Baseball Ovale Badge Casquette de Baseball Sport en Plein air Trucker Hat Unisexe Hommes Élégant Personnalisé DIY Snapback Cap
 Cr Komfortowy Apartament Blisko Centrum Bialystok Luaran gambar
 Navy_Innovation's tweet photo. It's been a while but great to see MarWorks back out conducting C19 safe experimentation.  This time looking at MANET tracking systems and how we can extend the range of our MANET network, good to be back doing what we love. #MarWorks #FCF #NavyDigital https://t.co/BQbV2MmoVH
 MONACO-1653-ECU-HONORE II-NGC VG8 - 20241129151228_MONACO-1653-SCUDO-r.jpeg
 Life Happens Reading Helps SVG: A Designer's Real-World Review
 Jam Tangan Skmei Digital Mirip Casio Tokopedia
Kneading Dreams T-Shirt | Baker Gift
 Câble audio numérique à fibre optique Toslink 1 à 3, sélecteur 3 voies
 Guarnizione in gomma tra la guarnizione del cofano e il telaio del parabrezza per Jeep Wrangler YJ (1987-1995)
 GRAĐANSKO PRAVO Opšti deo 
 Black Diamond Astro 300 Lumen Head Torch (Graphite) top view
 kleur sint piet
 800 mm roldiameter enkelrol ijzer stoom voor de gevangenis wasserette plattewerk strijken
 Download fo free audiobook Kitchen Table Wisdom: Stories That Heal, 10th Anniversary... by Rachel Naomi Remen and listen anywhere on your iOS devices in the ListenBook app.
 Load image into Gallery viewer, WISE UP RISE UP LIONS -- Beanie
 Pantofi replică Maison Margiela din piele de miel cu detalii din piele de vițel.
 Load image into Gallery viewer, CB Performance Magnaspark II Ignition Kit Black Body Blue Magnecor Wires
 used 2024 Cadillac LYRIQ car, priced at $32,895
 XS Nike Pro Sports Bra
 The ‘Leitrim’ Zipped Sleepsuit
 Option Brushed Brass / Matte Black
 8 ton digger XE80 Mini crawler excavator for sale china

# # #

• _YOUR GOAL_: Print exactly the lines above from the one with "800 mm roldiameter" to the one with "Download fo free", including both.

• _TASK OUTPUT_:
 800 mm roldiameter enkelrol ijzer stoom voor de gevangenis wasserette plattewerk strijken
 Download fo free audiobook Kitchen Table Wisdom: Stories That Heal, 10th Anniversary... by Rachel Naomi Remen and listen anywhere on your iOS devices in the ListenBook app.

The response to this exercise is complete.